[Exercise details]
Please copy out the entries exactly, skipping any pictures.

[Short web captions]
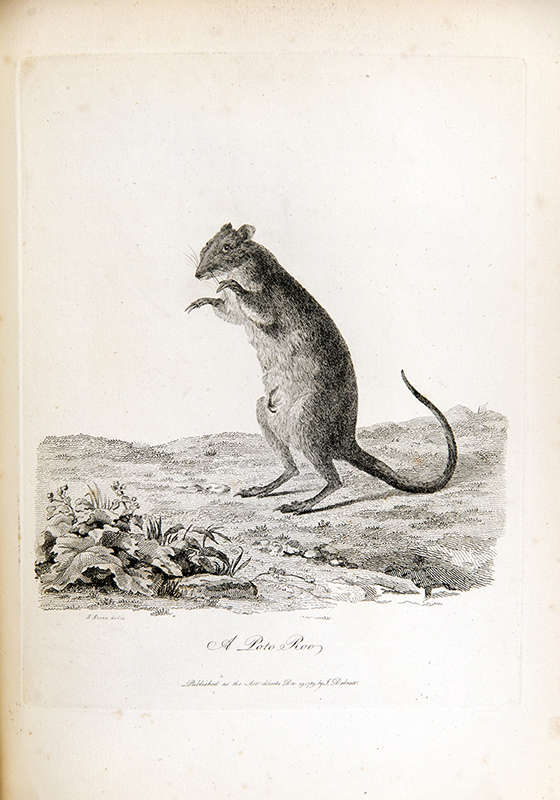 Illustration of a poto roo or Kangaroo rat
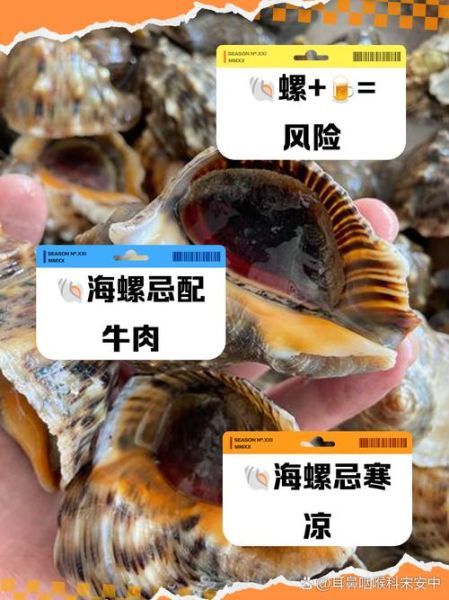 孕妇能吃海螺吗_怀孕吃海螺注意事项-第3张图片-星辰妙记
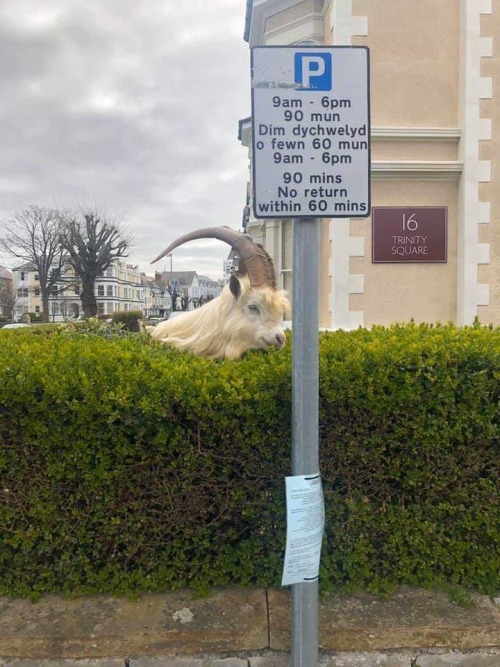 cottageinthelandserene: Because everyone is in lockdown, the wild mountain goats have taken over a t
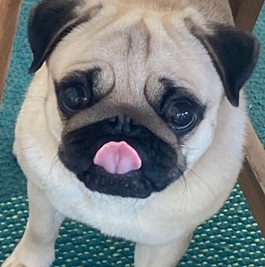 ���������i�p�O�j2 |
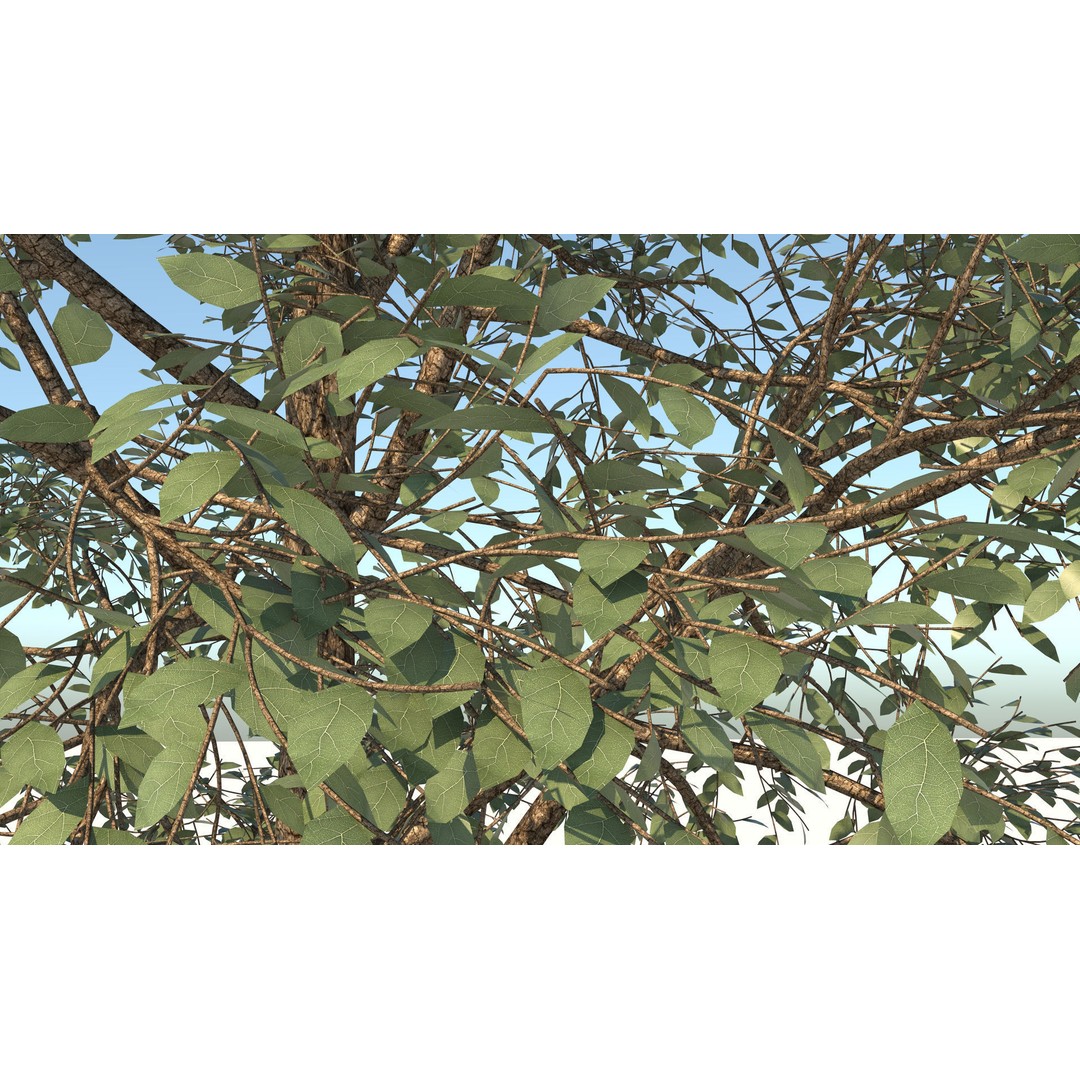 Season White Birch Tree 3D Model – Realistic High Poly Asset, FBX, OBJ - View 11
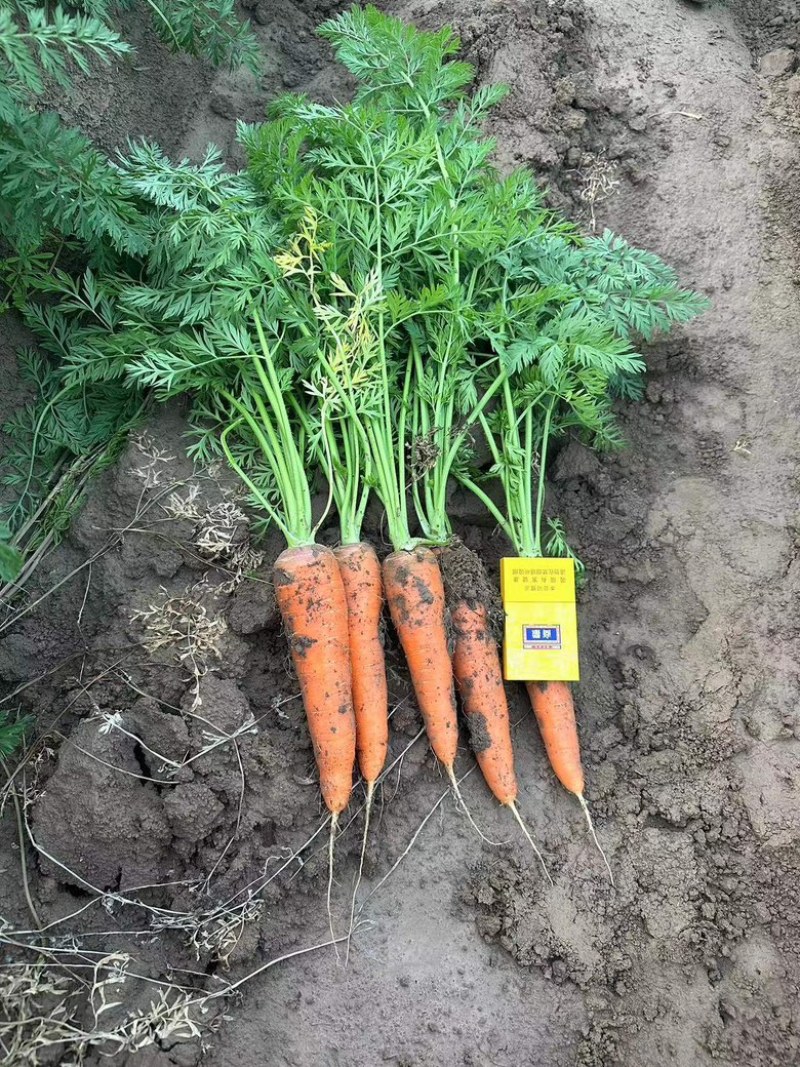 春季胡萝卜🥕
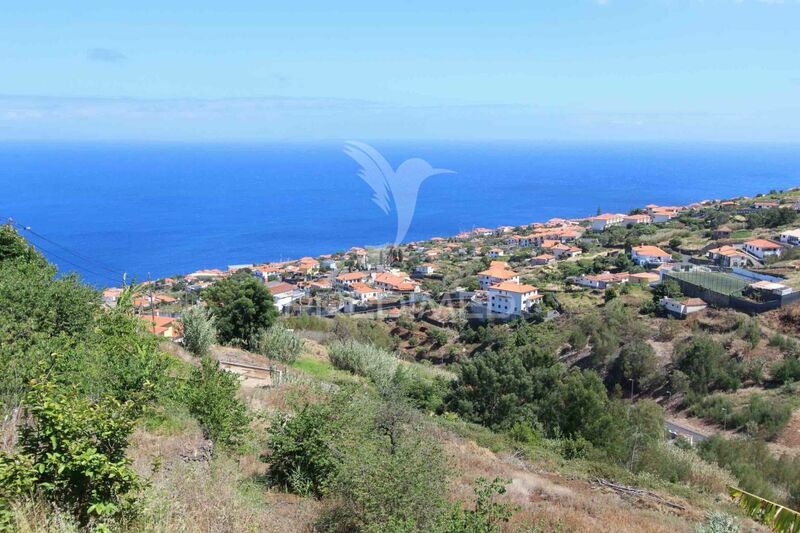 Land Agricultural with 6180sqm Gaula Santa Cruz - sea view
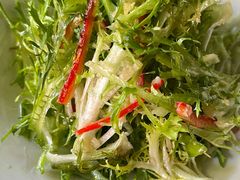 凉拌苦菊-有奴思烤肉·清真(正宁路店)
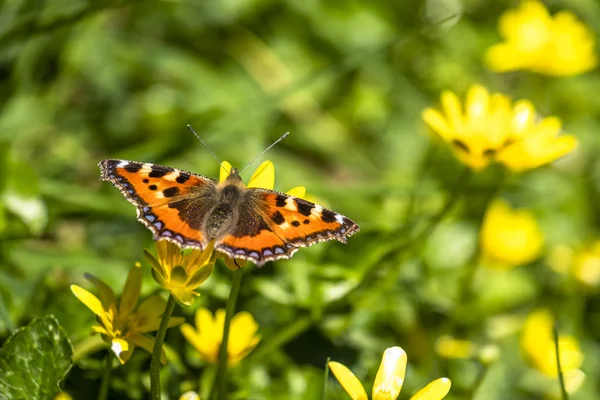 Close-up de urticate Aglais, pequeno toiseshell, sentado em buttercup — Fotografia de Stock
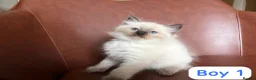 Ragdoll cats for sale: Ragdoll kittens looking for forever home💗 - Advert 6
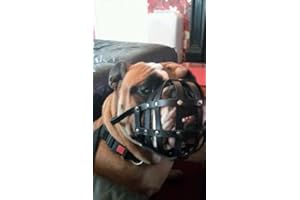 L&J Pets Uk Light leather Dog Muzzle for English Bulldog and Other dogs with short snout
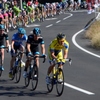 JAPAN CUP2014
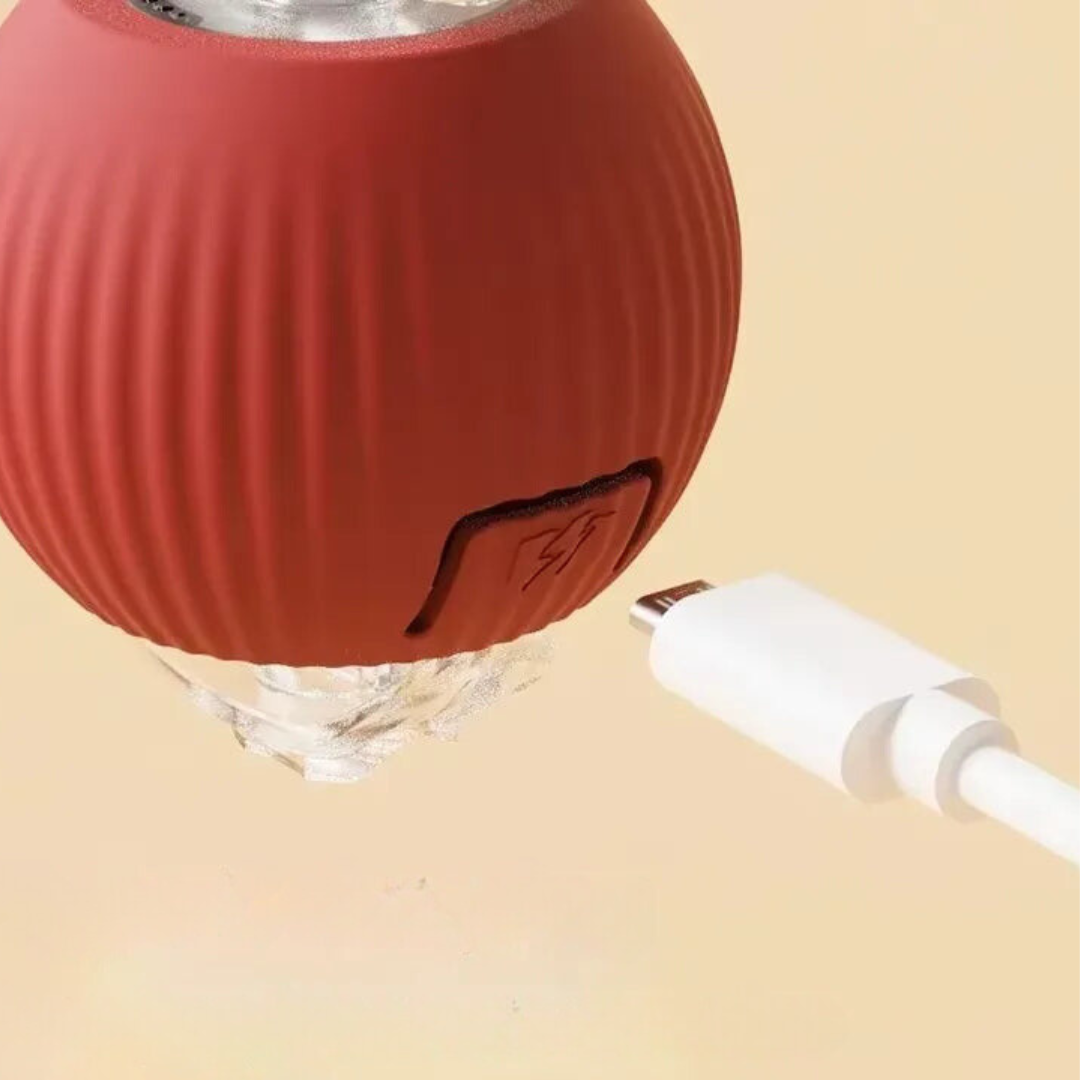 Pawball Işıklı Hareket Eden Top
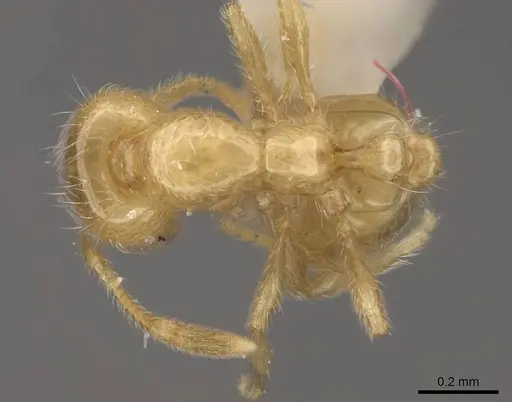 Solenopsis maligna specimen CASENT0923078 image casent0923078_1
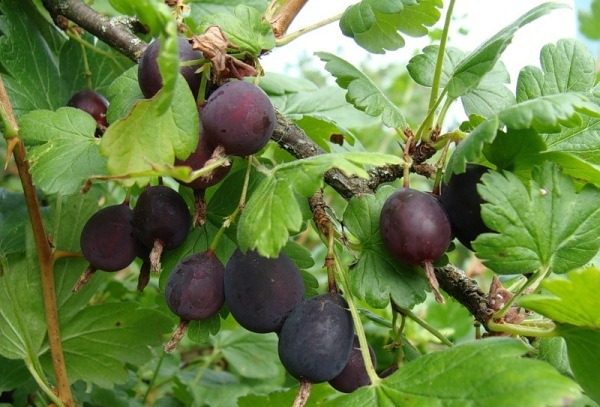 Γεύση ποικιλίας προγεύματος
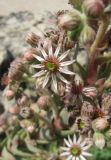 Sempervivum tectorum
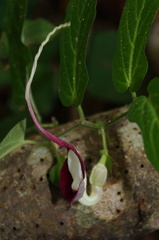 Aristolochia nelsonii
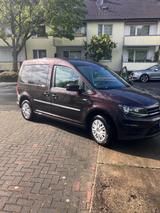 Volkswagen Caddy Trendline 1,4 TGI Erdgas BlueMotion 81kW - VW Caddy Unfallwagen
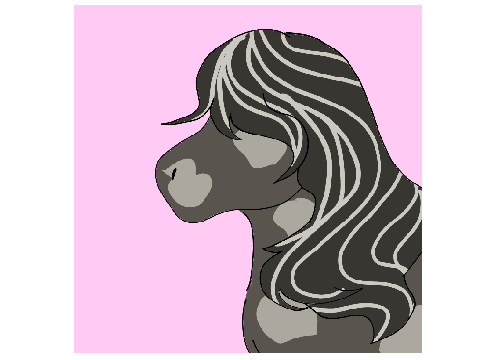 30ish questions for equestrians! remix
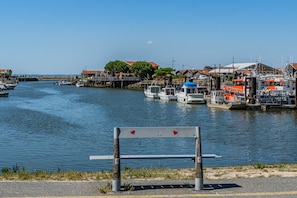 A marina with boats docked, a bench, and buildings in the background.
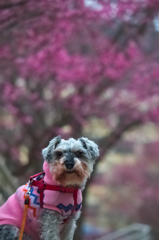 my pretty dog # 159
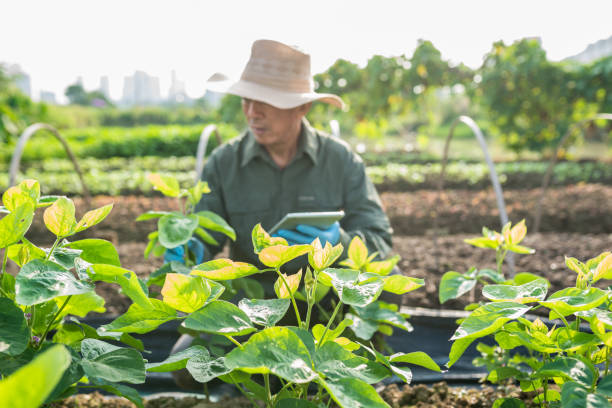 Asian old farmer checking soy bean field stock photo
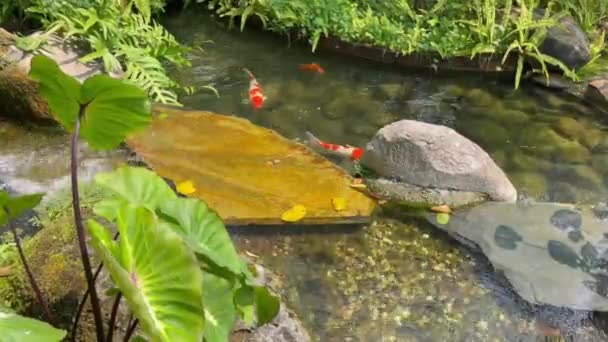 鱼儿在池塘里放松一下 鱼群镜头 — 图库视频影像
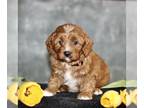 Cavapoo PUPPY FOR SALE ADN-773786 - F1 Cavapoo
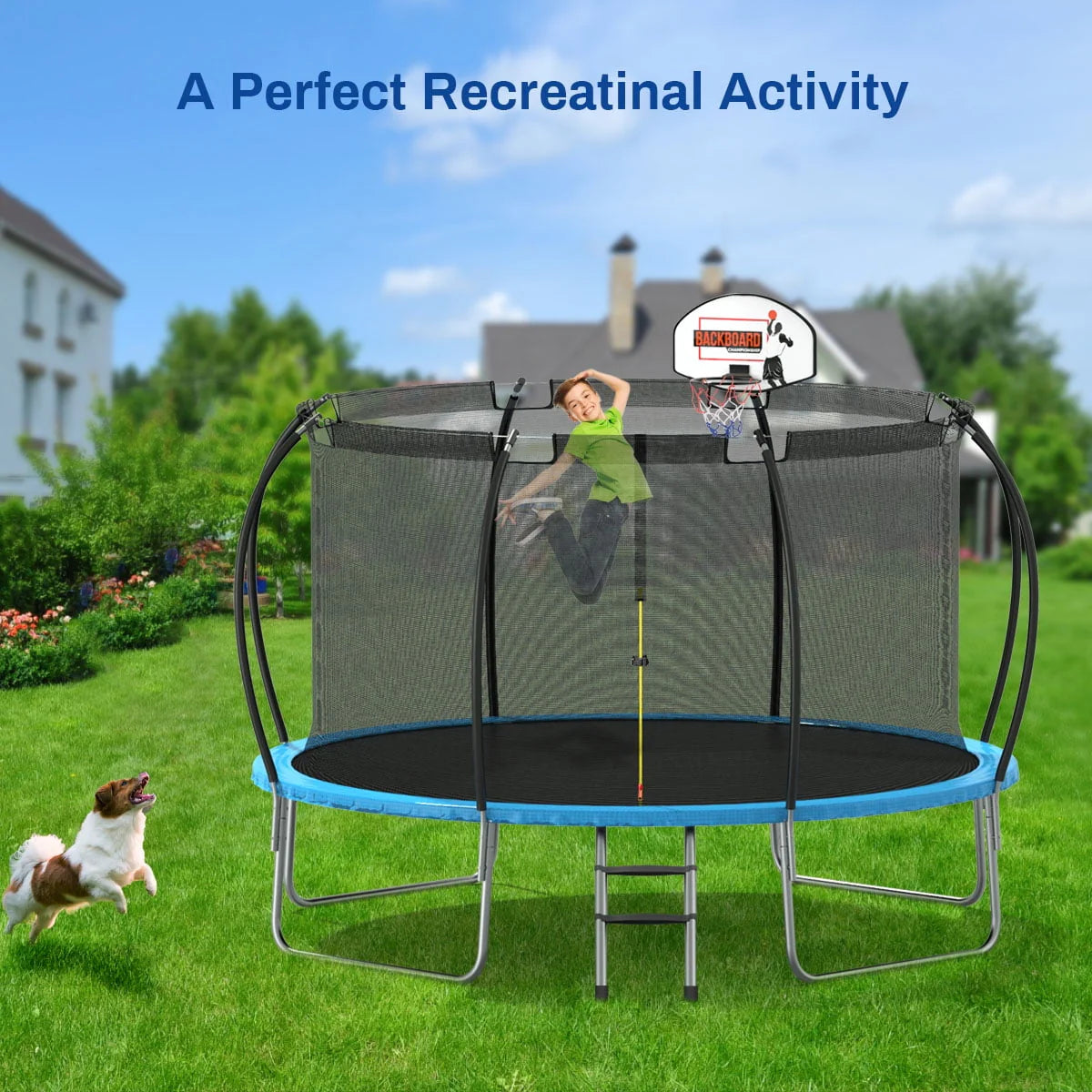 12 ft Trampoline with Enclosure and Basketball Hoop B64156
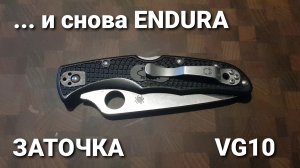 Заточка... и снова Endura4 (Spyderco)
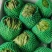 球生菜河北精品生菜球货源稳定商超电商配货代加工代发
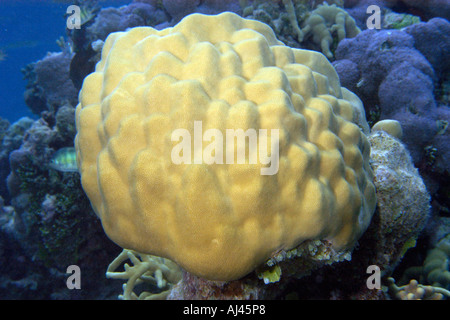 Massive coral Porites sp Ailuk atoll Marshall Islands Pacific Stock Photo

[Your solution]
 Illustration of a poto roo or Kangaroo rat
 孕妇能吃海螺吗_怀孕吃海螺注意事项-第3张图片-星辰妙记
 cottageinthelandserene: Because everyone is in lockdown, the wild mountain goats have taken over a t
 ���������i�p�O�j2 |
 Season White Birch Tree 3D Model – Realistic High Poly Asset, FBX, OBJ - View 11
 春季胡萝卜🥕
 Land Agricultural with 6180sqm Gaula Santa Cruz - sea view
 凉拌苦菊-有奴思烤肉·清真(正宁路店)
 Close-up de urticate Aglais, pequeno toiseshell, sentado em buttercup — Fotografia de Stock
 Ragdoll cats for sale: Ragdoll kittens looking for forever home💗 - Advert 6
 L&J Pets Uk Light leather Dog Muzzle for English Bulldog and Other dogs with short snout
 JAPAN CUP2014
 Pawball Işıklı Hareket Eden Top
 Solenopsis maligna specimen CASENT0923078 image casent0923078_1
 Γεύση ποικιλίας προγεύματος
 Sempervivum tectorum
 Aristolochia nelsonii
 Volkswagen Caddy Trendline 1,4 TGI Erdgas BlueMotion 81kW - VW Caddy Unfallwagen
 30ish questions for equestrians! remix
 A marina with boats docked, a bench, and buildings in the background.
 my pretty dog # 159
 Asian old farmer checking soy bean field stock photo
 鱼儿在池塘里放松一下 鱼群镜头 — 图库视频影像
 Cavapoo PUPPY FOR SALE ADN-773786 - F1 Cavapoo
 12 ft Trampoline with Enclosure and Basketball Hoop B64156
 Заточка... и снова Endura4 (Spyderco)
 球生菜河北精品生菜球货源稳定商超电商配货代加工代发
 Massive coral Porites sp Ailuk atoll Marshall Islands Pacific Stock Photo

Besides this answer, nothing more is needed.